## EXERCISE DETAILS
Output only the lines of the entries that follow, starting at the one with "Building Photo - 2" and running down to the one with "Building Photo - Unit", both included and unchanged.

## RECORDS FOR THE TASK
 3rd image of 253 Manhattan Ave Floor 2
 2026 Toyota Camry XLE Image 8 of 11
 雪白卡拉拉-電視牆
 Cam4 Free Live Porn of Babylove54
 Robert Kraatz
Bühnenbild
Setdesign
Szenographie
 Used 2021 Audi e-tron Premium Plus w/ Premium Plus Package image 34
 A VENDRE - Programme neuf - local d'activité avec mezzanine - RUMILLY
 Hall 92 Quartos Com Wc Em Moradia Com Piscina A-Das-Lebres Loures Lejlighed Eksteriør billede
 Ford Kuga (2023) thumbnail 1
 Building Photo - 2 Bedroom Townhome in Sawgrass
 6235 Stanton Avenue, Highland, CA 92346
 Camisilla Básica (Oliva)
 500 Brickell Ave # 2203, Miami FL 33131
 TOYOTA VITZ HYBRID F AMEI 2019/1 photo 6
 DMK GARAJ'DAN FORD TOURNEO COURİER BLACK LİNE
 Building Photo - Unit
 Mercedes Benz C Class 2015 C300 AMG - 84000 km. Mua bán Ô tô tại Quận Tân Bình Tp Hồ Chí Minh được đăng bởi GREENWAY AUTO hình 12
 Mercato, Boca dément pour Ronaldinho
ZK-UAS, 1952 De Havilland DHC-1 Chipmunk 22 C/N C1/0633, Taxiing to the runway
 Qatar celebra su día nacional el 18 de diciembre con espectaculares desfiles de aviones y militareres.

## WRITTEN SOLUTION
 Building Photo - 2 Bedroom Townhome in Sawgrass
 6235 Stanton Avenue, Highland, CA 92346
 Camisilla Básica (Oliva)
 500 Brickell Ave # 2203, Miami FL 33131
 TOYOTA VITZ HYBRID F AMEI 2019/1 photo 6
 DMK GARAJ'DAN FORD TOURNEO COURİER BLACK LİNE
 Building Photo - Unit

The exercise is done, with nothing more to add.